=== Exercise requirements ===
Please restate word for word the lines of the entries below from the one with "All right, with" to the one with "The antenna is", inclusive, and leave out every picture.

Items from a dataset
━━━━━━━━━━━━━━━━━━━━

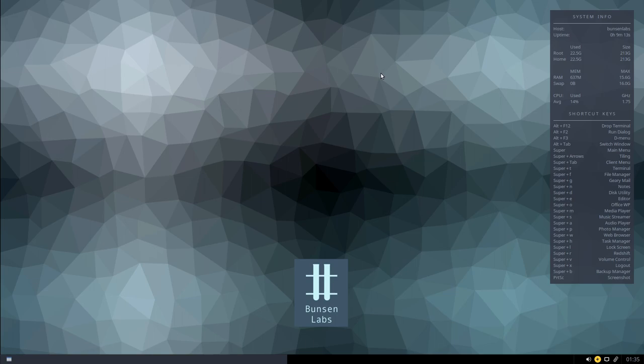Hello everyone, this is something a bit different today. Usually this channel focuses on hi-fi and audio electronics, but today we're going to be looking at a Linux desktop — specifically BunsenLabs. BunsenLabs is based on an older distribution called CrunchBang Linux that unfortunately folded quite a few years ago when the developer decided not to continue with that project. BunsenLabs is effectively a community continuing to develop and maintain that, so that's what we have on the desktop here today.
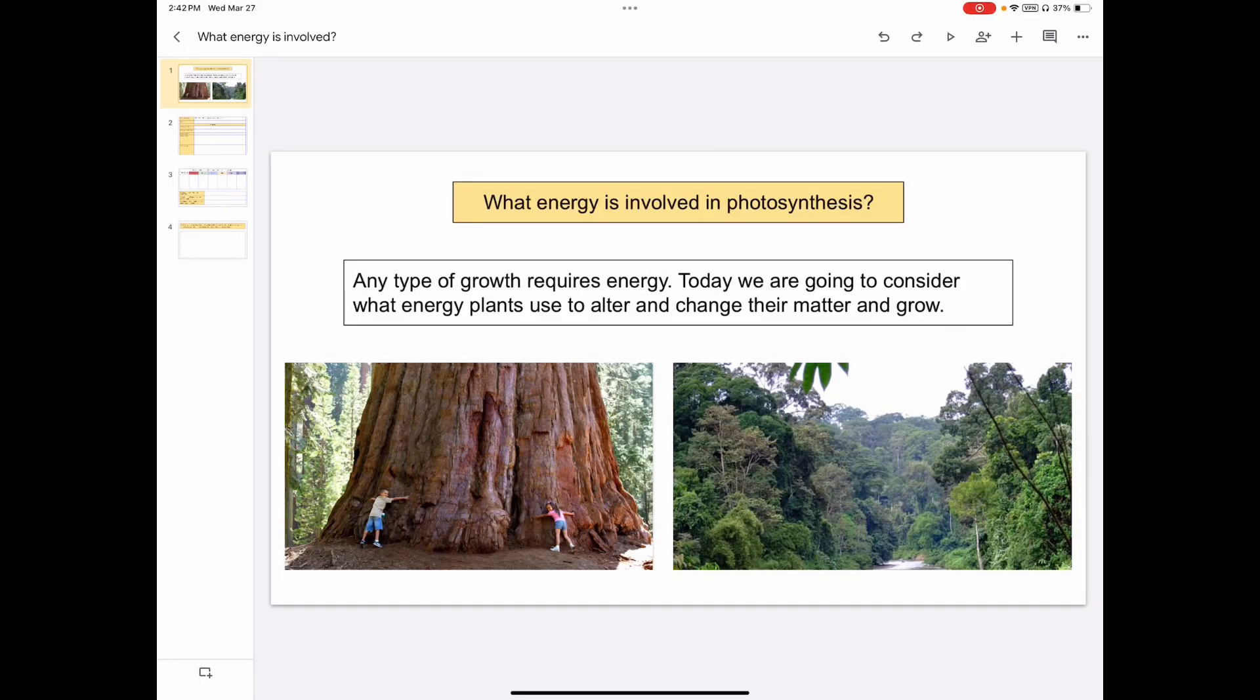All right, with this assignment, we're looking at photosynthesis and we want to consider:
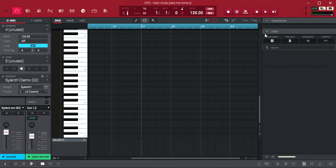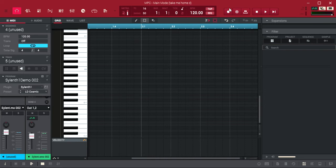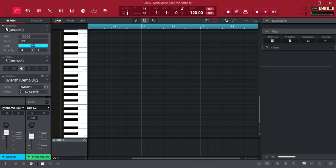What up everybody, it's your man Dante back with a quick video. I'm just gonna show you how to change your bars or add bars in the MPC software. Basically, you see over here, go to sequence, hit this little icon.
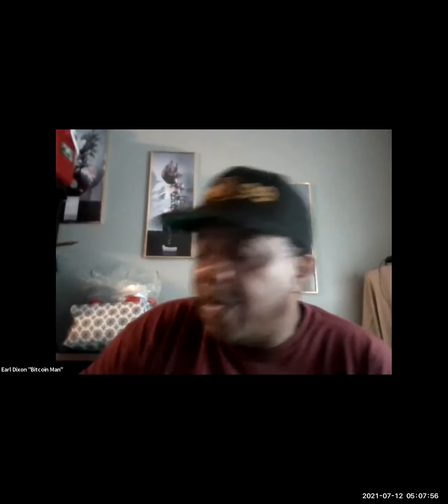Okay guys, this is Earl Digson, Bitcoin Man, and we're working with Sandra today. We'll get her set up for Seven Moon. The first thing she needs to do to sign up for Seven Moon is just like TronLink — you've got to have a TronLink wallet.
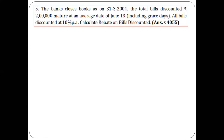From 31st March to 13th June, we calculate: April has 30 days, May has 31 days, and June up to the 13th is 13 days. Collectively, the total is 74 days. That is the number of days which fall after the financial year.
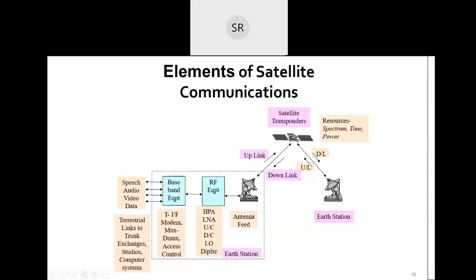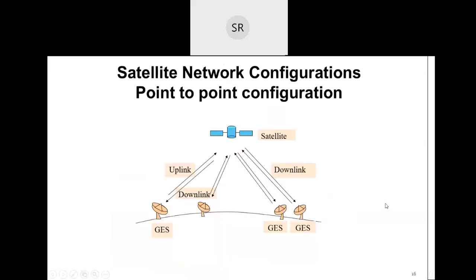The antenna is mostly a dish device used for transmitting and receiving the signal. It has large bandwidth and large gain, and a small beamwidth, making it useful for sending signals to the satellite. The basic elements are the earth station, the satellite transponder, and the satellite links. Satellite network configurations include: point-to-point configuration, where a specific earth station transmits signal to another earth station through the satellite.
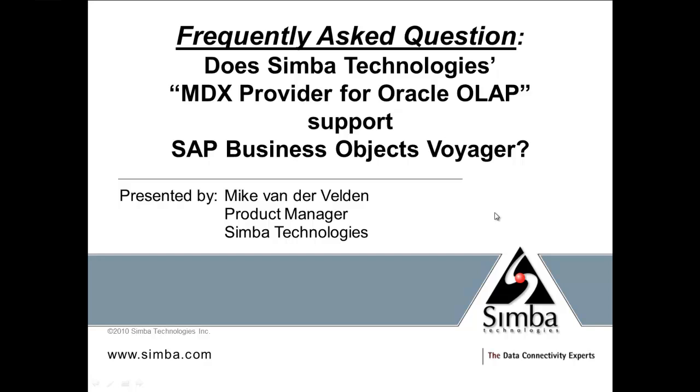Here at Simba Technologies, we are often asked the question, does your MDX provider for Oracle OLAP support SAP Business Objects Voyager? Let's take a look.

━━━━━━━━━━━━━━━━━━━━

=== Written answer ===
All right, with this assignment, we're looking at photosynthesis and we want to consider:
What up everybody, it's your man Dante back with a quick video. I'm just gonna show you how to change your bars or add bars in the MPC software. Basically, you see over here, go to sequence, hit this little icon.
Okay guys, this is Earl Digson, Bitcoin Man, and we're working with Sandra today. We'll get her set up for Seven Moon. The first thing she needs to do to sign up for Seven Moon is just like TronLink — you've got to have a TronLink wallet.
From 31st March to 13th June, we calculate: April has 30 days, May has 31 days, and June up to the 13th is 13 days. Collectively, the total is 74 days. That is the number of days which fall after the financial year.
The antenna is mostly a dish device used for transmitting and receiving the signal. It has large bandwidth and large gain, and a small beamwidth, making it useful for sending signals to the satellite. The basic elements are the earth station, the satellite transponder, and the satellite links. Satellite network configurations include: point-to-point configuration, where a specific earth station transmits signal to another earth station through the satellite.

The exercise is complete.